While the raises have been historical in terms of how fast the FOMC has increased the Federal Funds rate, five percentage points in a little over a year, the US still is below the February 2007 rate of 5.26%.
ECONOMIC SLOWDOWN POSSIBLE
Chairman Jerome Powell said during the latest FOMC meeting that, “Reducing inflation is likely to require a period of below-trend growth and some softening in the labor market conditions.”
Brewer said, the quote seems particularly relevant as many people are asking if the economy is on the cusp of slower growth. This indicates the Federal Reserve knows the increase of interest rates likely will slow the economy for the foreseeable future, and its members are all right with it.
While the Committee likely would like to avoid that, it has long been known that controlling inflation is the FOMC’s primary mandate over a full labor force, Brewer said. The FOMC is signaling that some level of slower economic growth is okay to combat inflation.
HIGHER RATES EQUAL “HEADWINDS”
A second Powell quote Brewer highlighted was, “In addition, the economy is likely to face further headwinds from tighter credit conditions.”
Although Chairman Powell did not indicate specific data backing up his claim, there have been numerous reports of banks across the country tightening credit and having less money to lend overall, reducing the amount of funding for investments and growth.
AGRICULTURE IMPLICATIONS
Implications for farms and agribusinesses are twofold, Brewer said. First, agribusinesses providing credit to farmers for inputs or other operating expenses may see increased demand in the near future.
Brewer thought much of the tightening credit Chairman Powell mentioned has not been in the agricultural sector. However, if banks are looking at their deposits and the amount of funds they have to loan, it is possible that overall lending could tighten, including agriculture.
Secondly, farms or agribusinesses looking to expand or invest in their businesses will find credit conditions getting tighter in the near term, Brewer said. Additionally, there also could be additional increases in the Federal Funds rate, further increasing the cost of borrowing.
Having a plan for asset replacements and investments will ensure the cost of debt is minimized in the new interest rate environment, Brewer said.
CATTLE, BEEF RECAP
The USDA reported formula and contract base prices for live FOB steers and heifers this week ranged from $171.05 per cwt to $177.28, compared with last week’s range of $171.00 to $179.10 per cwt. FOB dressed steers, and heifers went for $270.70 per cwt to $274.36, compared with $271.48 to $278.17.
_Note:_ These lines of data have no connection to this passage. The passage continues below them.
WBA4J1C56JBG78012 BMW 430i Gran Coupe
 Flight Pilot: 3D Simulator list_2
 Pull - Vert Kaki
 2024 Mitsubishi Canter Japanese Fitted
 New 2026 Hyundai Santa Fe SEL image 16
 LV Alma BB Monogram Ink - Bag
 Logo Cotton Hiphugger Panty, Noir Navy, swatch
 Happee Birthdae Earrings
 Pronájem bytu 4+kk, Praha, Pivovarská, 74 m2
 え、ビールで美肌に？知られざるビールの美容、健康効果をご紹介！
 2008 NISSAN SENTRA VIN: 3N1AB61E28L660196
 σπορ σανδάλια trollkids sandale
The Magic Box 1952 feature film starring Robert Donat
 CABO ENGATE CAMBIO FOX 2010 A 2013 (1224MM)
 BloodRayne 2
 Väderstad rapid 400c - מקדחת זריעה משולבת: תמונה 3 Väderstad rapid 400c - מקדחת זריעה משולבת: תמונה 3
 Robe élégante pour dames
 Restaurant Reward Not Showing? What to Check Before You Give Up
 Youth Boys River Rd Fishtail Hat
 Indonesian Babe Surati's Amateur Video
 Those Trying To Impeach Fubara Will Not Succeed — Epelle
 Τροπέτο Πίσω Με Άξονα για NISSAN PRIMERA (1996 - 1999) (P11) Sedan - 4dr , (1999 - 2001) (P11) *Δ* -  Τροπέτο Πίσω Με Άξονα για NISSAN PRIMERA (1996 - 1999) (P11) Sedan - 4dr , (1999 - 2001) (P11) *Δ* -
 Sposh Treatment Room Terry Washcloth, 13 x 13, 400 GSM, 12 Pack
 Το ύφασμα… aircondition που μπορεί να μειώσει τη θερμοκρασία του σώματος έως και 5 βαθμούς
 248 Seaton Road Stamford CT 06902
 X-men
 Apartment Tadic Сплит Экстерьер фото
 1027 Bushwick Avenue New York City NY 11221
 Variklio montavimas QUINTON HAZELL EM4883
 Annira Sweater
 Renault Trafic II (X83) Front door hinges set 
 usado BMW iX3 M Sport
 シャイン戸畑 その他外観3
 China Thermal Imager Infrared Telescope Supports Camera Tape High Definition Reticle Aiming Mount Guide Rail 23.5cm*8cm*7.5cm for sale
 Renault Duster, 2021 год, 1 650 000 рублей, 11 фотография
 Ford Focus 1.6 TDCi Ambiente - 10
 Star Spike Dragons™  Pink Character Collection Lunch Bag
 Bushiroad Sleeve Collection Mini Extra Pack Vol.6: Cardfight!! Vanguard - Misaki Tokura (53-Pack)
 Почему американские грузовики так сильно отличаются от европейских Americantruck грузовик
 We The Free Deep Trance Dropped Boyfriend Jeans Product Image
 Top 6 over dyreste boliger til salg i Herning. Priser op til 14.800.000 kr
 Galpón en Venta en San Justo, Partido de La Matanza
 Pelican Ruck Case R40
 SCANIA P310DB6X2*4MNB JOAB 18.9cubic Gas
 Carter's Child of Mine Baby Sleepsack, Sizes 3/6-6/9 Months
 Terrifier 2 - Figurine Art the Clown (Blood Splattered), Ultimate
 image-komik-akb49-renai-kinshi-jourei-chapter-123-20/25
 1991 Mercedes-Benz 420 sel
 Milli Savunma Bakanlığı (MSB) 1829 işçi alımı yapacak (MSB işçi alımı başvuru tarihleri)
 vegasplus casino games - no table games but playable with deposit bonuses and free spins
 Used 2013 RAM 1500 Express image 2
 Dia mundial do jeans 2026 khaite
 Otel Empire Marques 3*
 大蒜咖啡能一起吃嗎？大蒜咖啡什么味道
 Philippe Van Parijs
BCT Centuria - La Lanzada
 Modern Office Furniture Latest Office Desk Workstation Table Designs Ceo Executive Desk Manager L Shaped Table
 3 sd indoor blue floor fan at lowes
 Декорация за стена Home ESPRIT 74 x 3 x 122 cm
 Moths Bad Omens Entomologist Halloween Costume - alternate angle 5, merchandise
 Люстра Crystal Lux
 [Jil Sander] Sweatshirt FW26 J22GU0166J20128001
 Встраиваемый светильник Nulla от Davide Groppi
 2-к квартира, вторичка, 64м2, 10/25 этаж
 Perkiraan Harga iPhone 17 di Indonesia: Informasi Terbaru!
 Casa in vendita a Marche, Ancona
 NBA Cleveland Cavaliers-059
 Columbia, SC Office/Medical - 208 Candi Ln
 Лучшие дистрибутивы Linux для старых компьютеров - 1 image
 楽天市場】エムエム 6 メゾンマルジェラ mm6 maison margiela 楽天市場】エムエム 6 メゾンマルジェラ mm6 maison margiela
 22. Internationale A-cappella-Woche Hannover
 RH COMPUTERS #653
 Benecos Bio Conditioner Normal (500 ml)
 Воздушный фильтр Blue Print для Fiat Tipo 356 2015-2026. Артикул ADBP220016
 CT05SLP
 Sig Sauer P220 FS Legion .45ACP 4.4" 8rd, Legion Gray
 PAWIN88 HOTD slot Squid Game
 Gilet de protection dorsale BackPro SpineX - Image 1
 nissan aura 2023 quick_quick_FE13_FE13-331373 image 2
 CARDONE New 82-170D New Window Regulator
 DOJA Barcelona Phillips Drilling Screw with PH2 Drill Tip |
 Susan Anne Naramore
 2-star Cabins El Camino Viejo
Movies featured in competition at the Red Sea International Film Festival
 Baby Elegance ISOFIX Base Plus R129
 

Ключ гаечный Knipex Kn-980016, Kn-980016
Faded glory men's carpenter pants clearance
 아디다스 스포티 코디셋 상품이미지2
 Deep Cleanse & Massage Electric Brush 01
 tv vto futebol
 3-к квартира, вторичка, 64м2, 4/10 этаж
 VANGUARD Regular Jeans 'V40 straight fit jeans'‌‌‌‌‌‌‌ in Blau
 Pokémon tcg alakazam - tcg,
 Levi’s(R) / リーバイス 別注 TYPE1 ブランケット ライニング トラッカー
The USDA choice cutout Tuesday was down $2.51 per cwt at $299.47 while select was off $0.36 at $284.35. The choice/select spread narrowed to $15.12 from $17.27 with 120 loads of fabricated product and 16 loads of trimmings and grinds sold into the spot market.
The USDA said basis bids for corn from feeders in the Southern Plains were unchanged at $1.73 to $1.88 a bushel over the Jul corn contract, which settled at $5.81 1/4 a bushel, down $0.11 1/4.
The CME Feeder Cattle Index for the seven days ended Monday was $202.07 per cwt, down $0.04. This compares with Tuesday’s May contract settlement of $205.70 per cwt, down $0.80.